Friday, June 5, 2015

The Shape of Things

The Shape of Things

By Angela R. Hunt 

Kelda never liked the rocks at the river. She always thought they looked too smooth, too perfectly rounded, to uniform in their gray color. She could have sworn their numbers grew every time she peeked over the side of the bridge it seemed they stretched closer and closer to where she stood. Sometimes she felt an irrational fear that they would grow and grow in number until they became a mountain tumbling on her and burying her in their dark, dusty depths. 

She noticed one of the round gray pebbles at the edge of the sidewalk one day. It seemed like a small thing that day. She had laughed and dismissed it, after all the rocks lined the ground on both sides of the river beneath the bridge. A small child could have carried it up as a secret treasure, only to drop it by the gray sidewalk. 

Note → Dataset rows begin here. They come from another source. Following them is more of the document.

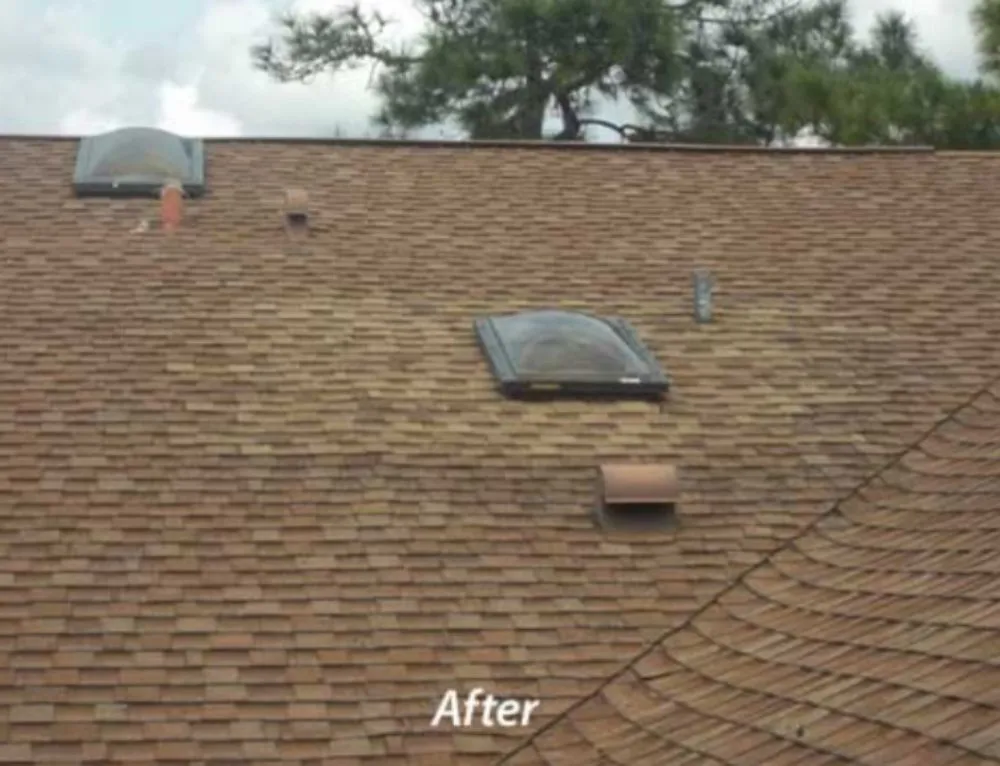 Slide of Kellys Construction Solutions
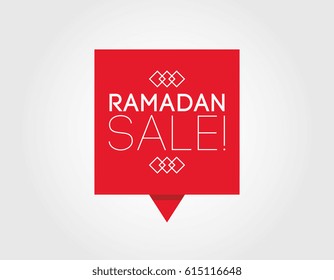 ramadan sale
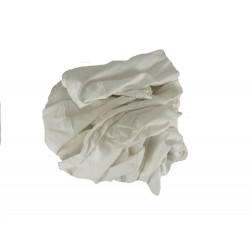 Chiffon Coton - Sans marque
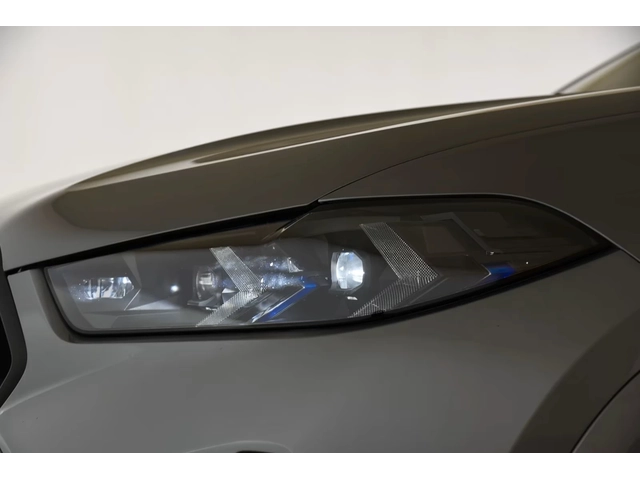 BMW X6 M SPORT PRO* XDRIVE* FULL LED* CARBON* SKY LOUNGE* - автомобили, коли, обяви за нови и употребявани 1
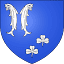 mairie-saisseval.fr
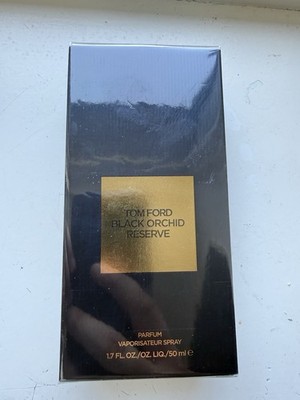 tom ford black orchid reserve 50 ml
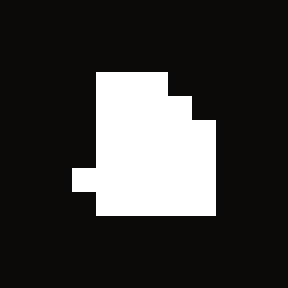 FALLEN · 28 lights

The next day there were two. Two perfectly gray and round pebbles sat next to the cement as if they were regulars waiting for the local bus line. It troubled her a little. She hesitated and stared at the rocks as if the intensity of her gaze could make them talk, dance, or perhaps retreat back down to the riverbed. They did not move. They did not speak. They were stone and they sat, cold and gray in her sight. She shook her head and hurried home. 

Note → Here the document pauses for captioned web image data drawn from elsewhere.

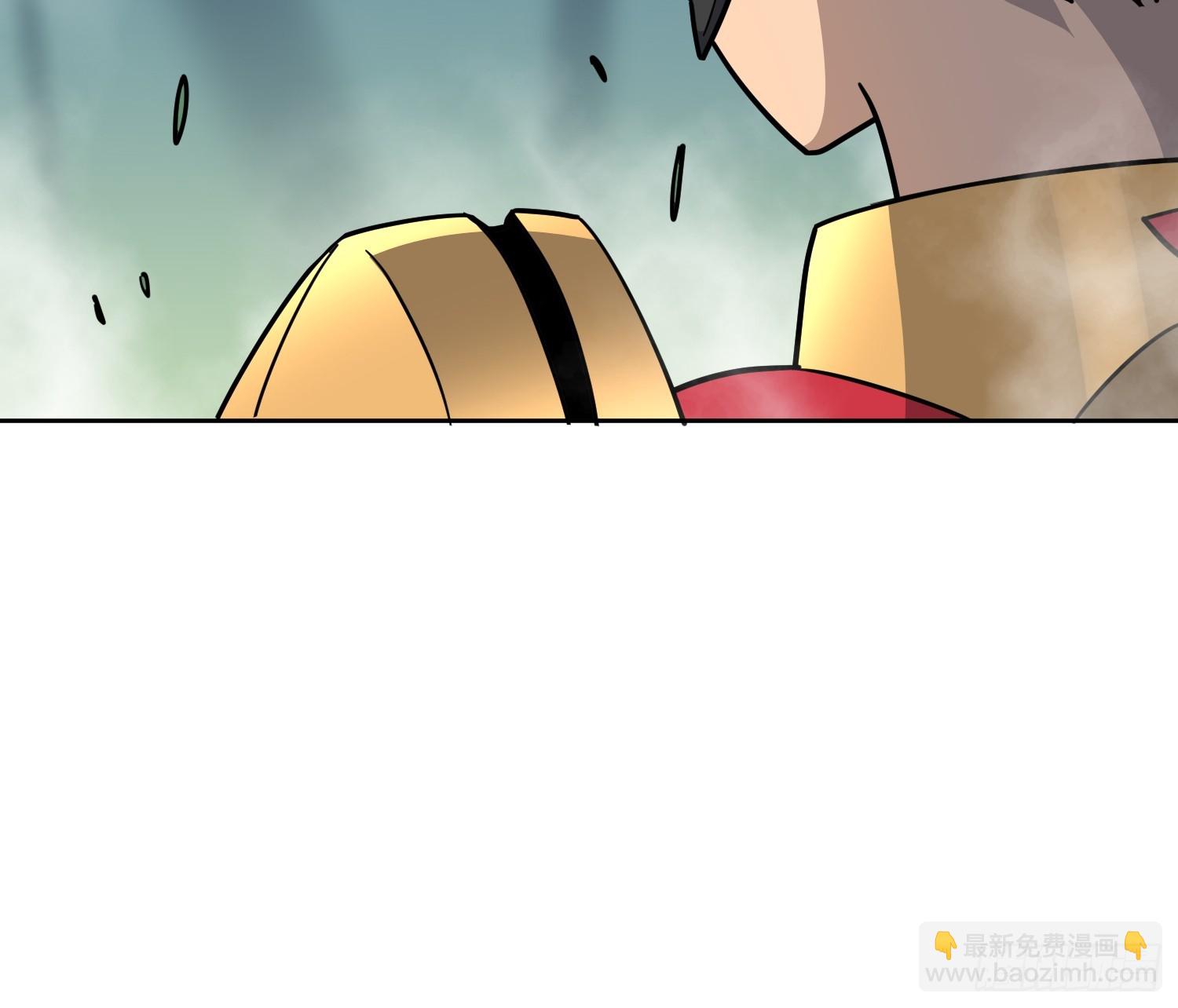 第138话 捅了蟒蛇堆(1/2)-第140话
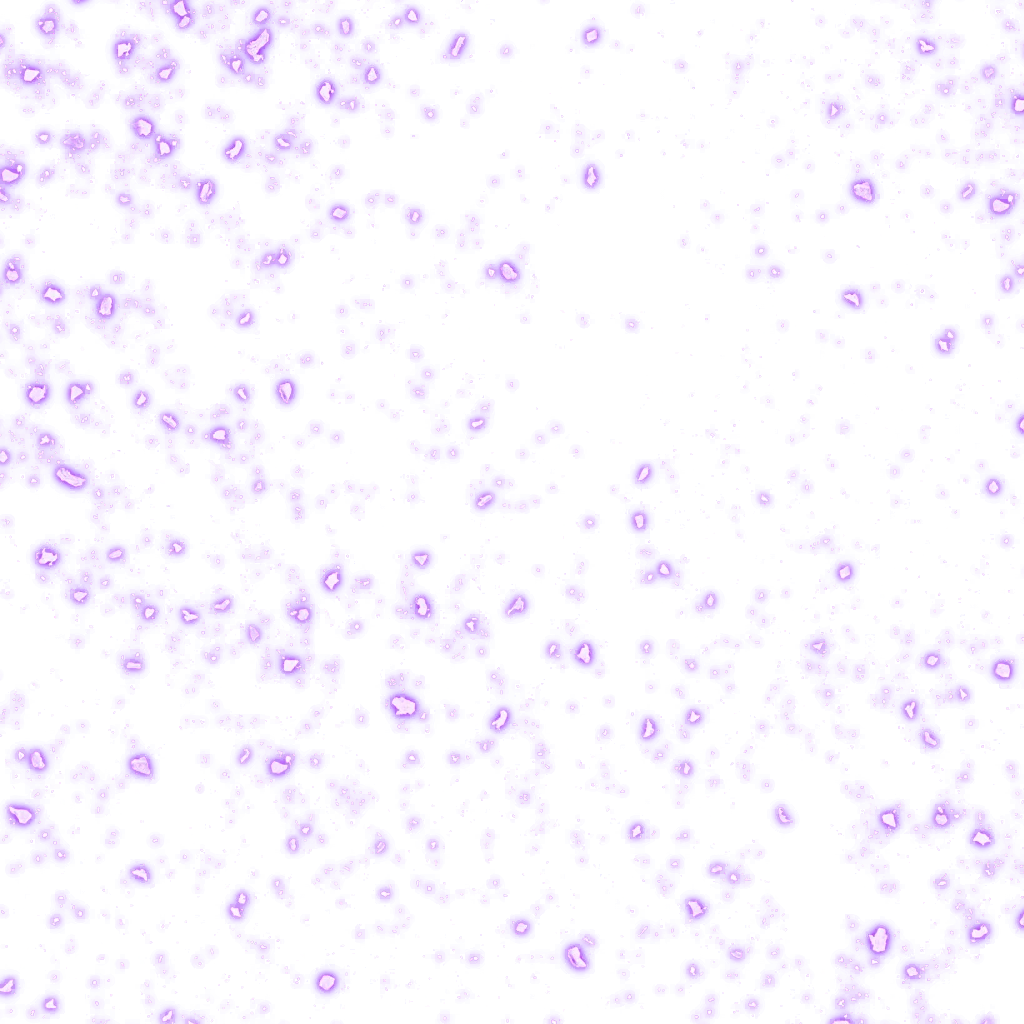 0661_zamasm_661_effect_15.webp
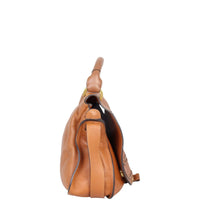 Chloe Marcie Top Handle Satchel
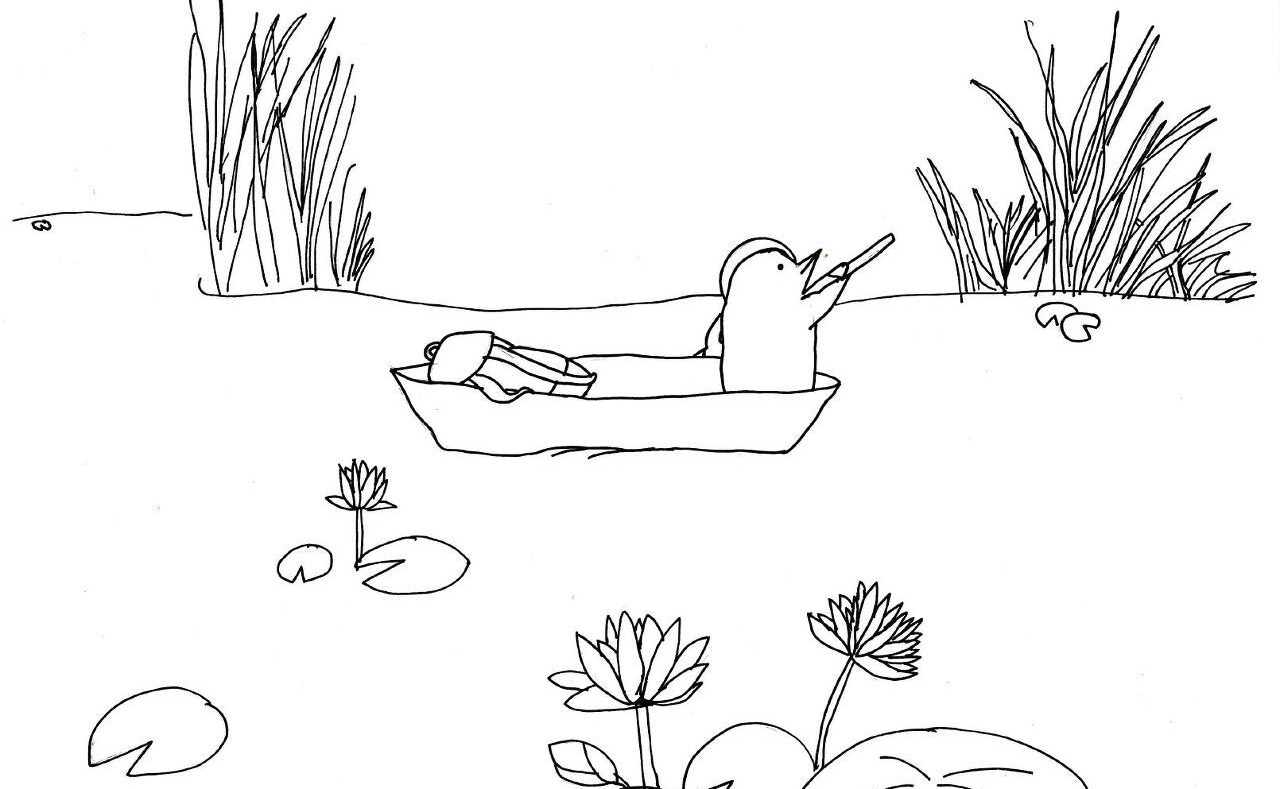 펭귄 나룻배 타기.jpg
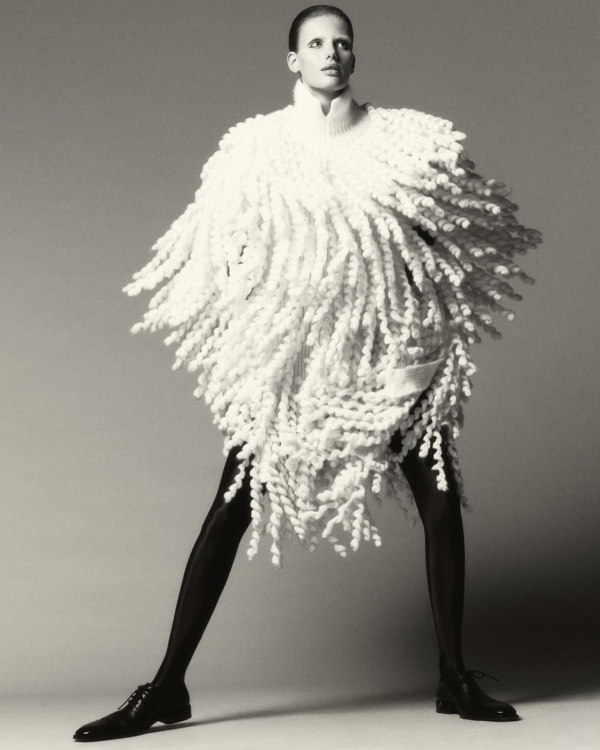 Почему свадьба зимой — больше плюс, чем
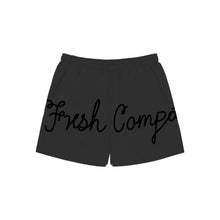 Load image into Gallery viewer, FRSH CO SIGN SWIM SHORT
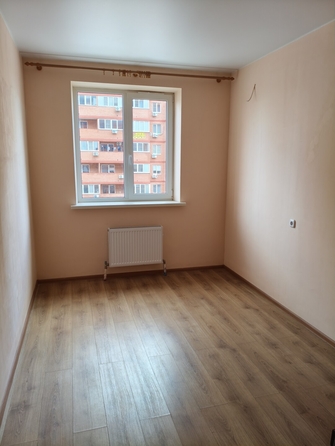 
  Продается 2-комн. квартира 49 м². Фото 4.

She came home with work swirling through her mind, distracting her for the next few days. The rocks sat unnoticed, unremarked, without unsettling anyone. 

It was friday and Kelda had gotten an official reprimand at work, she was going to take a pay cut to make up for an error she made on a costly sale. She walked home slowly, feeling defeated. She could hear the ocean crashing in her ears. She could feel the weight of the water bearing her down, the inevitability of her gray future. 


Kelda saw the stones before she saw the bridge. The stones had lined up as an honor guard to escort her to the bridge. They sounded trumpets loudly to announce her arrival to the multitudes below. She could see the bright vivid colors of captured spirits inside the plain, dull stones. She could hear them calling out in despair at the prisons their lives had become. Each one alone, each one unable to see their prison or break free. Thousands of them, surrounding her. Thousands of them, all cold and void of connection. Thousands of them, writhing in her mind and showing her her fate if she stayed. She would wake up one day a stone. Unable to move, unable to live, unable to feel anything but mad desperation and sickly sweet denial. She would be gray and smooth. 

Kelda shook her head, rain pouring off her as she stood on the bridge over the raging water. The water smashed into the round stones, breaking them and carrying them away. She could be shaped and slowly destroyed or she could be broken and truly released. 

She fell like a stone, her clothing shuttering and snapping like dead branches in a strong breeze. She broke with a wet wrenching sound, almost a groan as she was much softer than a stone; into a bright red blossom almost glowing on the bland gray rocks below. 


The round gray rocks pile up, uniform and smooth as silk; without a single flaw. They did not seem to notice what had transpired, they were stone.